→ **WHAT THE TASK REQUIRES**:
What is needed is an exact copy of the lines in the listing below, from the one with "LOUIS VUITTON Mocassins" up to and including the one with "Junge Aglaonema Iguana", with no other lines.

→ **PROVIDED RECORDS**:
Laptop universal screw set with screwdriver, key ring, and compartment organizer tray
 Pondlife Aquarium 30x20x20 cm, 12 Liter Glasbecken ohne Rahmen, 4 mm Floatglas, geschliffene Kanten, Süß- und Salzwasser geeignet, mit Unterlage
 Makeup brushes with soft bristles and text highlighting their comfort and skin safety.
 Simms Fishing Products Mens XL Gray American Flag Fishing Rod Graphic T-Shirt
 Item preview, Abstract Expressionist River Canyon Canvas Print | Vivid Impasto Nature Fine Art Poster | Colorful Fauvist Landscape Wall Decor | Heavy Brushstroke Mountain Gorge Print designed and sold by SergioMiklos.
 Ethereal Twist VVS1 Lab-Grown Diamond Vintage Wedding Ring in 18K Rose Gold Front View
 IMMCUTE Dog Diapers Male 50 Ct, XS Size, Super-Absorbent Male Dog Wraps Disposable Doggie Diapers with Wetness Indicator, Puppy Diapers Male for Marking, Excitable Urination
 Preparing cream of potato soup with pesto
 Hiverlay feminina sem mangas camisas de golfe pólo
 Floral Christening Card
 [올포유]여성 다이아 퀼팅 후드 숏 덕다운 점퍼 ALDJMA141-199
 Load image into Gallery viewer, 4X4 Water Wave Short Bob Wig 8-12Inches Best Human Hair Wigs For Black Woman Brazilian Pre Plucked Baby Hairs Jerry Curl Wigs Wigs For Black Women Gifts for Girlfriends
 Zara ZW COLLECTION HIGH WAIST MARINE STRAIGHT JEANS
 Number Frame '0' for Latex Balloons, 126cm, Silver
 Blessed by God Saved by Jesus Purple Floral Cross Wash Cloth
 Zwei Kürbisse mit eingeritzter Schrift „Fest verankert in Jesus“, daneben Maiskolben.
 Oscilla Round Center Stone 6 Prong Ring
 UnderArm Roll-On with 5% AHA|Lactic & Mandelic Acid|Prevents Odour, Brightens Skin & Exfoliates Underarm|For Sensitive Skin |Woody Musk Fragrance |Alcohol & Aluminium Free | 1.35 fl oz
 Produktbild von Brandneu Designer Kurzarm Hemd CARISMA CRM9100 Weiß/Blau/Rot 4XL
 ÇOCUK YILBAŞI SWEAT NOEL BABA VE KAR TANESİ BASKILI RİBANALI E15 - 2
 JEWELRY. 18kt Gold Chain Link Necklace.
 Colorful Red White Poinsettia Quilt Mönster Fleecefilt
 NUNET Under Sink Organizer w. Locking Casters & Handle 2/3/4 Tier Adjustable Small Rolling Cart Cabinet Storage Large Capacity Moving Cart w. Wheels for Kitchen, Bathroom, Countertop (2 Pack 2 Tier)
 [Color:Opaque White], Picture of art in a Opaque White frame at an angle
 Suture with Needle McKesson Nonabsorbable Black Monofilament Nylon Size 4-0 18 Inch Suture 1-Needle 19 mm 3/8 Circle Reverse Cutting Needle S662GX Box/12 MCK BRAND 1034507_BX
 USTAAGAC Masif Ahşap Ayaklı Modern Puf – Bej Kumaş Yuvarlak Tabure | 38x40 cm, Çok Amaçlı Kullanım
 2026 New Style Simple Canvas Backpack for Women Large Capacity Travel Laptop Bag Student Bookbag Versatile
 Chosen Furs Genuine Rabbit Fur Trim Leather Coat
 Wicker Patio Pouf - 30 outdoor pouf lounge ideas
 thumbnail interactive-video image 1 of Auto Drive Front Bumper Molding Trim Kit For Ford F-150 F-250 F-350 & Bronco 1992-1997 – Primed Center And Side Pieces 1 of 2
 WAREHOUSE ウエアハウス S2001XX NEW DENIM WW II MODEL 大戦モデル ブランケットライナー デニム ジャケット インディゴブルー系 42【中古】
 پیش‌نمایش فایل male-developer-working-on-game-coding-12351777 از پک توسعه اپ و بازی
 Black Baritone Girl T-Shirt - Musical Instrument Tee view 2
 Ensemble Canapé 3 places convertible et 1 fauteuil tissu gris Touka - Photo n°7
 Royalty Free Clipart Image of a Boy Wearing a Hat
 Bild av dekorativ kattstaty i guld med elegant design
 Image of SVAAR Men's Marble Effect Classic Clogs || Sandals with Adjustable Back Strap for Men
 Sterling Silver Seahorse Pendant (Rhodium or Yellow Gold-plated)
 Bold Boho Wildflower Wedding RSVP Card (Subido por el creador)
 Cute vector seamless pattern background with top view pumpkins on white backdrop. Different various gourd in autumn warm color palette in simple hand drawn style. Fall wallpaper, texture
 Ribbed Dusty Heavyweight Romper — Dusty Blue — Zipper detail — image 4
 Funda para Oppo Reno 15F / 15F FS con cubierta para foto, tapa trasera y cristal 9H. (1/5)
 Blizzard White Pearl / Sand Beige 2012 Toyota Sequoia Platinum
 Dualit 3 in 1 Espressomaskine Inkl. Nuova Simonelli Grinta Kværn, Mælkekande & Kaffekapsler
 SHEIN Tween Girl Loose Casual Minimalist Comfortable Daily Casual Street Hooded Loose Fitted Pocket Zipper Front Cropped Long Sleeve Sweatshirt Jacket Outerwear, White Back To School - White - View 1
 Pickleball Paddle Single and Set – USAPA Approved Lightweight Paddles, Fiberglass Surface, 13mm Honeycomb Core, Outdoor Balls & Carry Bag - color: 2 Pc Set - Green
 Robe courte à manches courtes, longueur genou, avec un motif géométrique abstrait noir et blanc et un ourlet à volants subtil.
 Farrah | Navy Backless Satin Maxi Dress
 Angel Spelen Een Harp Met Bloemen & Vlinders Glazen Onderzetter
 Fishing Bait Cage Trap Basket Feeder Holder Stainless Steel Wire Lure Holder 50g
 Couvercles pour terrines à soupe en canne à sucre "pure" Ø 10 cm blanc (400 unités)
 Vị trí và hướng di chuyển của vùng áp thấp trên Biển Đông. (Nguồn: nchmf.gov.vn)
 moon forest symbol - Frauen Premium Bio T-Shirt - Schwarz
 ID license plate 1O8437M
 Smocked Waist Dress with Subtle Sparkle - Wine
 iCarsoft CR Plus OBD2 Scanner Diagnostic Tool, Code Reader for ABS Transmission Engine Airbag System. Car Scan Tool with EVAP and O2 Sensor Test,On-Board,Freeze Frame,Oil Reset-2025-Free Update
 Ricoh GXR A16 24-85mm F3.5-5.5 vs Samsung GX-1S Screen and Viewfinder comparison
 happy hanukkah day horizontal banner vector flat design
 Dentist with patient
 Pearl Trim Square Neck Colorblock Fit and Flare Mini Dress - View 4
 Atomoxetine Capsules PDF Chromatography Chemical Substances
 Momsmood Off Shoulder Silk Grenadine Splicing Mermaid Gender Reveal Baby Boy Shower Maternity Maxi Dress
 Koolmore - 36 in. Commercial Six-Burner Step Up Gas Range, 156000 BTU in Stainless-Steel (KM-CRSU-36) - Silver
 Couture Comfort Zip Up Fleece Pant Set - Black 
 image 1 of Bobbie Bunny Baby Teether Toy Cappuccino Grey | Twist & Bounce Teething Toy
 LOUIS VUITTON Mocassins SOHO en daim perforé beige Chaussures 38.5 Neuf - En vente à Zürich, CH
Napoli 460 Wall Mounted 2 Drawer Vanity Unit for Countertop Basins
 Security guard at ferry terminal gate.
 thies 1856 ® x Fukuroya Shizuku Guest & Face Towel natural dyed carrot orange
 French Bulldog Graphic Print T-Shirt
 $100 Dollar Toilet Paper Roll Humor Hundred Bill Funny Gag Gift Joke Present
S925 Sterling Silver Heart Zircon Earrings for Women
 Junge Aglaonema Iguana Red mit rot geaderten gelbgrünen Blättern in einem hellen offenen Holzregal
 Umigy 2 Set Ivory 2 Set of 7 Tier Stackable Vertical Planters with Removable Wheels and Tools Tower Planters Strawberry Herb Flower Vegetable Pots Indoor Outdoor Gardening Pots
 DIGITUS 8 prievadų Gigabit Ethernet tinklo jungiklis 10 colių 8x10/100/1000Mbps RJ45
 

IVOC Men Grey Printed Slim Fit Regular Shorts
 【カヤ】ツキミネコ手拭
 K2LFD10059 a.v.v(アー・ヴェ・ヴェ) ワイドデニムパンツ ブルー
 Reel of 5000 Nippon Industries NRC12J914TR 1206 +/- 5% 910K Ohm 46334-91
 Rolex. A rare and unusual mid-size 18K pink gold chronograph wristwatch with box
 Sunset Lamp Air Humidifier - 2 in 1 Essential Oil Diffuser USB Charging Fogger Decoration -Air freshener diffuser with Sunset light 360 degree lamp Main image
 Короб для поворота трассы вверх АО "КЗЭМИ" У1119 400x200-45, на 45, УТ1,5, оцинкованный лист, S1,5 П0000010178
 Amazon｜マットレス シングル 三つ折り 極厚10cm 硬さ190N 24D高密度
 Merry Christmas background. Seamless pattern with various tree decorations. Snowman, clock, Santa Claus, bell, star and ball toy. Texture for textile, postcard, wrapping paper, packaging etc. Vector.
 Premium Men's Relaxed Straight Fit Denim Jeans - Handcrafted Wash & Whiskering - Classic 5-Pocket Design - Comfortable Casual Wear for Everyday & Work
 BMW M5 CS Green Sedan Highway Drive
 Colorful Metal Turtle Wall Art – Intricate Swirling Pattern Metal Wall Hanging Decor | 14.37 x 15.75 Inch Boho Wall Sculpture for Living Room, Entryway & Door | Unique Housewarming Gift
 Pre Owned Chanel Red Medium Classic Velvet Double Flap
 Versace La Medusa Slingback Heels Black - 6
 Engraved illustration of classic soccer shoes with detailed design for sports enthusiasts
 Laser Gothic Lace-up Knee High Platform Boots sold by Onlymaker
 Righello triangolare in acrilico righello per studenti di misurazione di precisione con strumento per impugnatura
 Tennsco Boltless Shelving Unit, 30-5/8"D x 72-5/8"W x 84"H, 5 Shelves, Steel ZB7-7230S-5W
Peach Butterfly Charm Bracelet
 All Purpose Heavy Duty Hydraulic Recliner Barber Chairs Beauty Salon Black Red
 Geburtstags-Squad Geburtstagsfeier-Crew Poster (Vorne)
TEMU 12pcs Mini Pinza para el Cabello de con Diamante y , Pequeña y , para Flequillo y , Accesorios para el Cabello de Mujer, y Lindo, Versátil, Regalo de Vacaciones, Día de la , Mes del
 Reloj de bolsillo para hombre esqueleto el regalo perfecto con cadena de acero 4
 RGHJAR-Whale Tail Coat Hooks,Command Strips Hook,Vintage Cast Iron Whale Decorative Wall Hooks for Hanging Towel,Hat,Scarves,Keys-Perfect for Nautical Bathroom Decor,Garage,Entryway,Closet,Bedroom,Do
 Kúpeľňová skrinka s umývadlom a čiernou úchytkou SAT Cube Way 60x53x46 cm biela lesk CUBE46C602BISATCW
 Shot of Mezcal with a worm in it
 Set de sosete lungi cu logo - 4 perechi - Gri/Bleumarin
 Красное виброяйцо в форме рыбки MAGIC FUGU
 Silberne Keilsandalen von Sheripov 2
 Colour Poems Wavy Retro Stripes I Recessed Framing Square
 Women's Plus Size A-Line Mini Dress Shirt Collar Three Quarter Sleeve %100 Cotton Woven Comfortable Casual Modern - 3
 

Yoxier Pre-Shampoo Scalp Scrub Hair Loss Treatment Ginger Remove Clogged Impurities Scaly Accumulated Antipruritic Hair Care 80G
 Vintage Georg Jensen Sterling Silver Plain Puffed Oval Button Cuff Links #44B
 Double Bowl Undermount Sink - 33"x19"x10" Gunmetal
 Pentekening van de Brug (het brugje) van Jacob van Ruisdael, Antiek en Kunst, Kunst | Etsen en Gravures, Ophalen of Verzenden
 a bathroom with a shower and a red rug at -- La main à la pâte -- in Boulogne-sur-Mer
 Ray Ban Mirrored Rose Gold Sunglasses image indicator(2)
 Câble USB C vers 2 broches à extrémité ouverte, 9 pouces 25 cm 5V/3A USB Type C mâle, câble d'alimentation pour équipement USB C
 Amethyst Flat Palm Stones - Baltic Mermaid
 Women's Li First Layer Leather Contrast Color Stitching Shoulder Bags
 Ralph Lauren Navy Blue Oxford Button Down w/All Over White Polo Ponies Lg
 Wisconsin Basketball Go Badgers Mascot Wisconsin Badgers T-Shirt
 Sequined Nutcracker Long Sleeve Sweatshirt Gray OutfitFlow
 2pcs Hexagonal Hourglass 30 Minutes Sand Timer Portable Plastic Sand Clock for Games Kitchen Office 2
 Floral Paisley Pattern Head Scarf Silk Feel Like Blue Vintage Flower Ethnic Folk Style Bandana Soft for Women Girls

→ **THE COMPLETED TASK**:
 LOUIS VUITTON Mocassins SOHO en daim perforé beige Chaussures 38.5 Neuf - En vente à Zürich, CH
Napoli 460 Wall Mounted 2 Drawer Vanity Unit for Countertop Basins
 Security guard at ferry terminal gate.
 thies 1856 ® x Fukuroya Shizuku Guest & Face Towel natural dyed carrot orange
 French Bulldog Graphic Print T-Shirt
 $100 Dollar Toilet Paper Roll Humor Hundred Bill Funny Gag Gift Joke Present
S925 Sterling Silver Heart Zircon Earrings for Women
 Junge Aglaonema Iguana Red mit rot geaderten gelbgrünen Blättern in einem hellen offenen Holzregal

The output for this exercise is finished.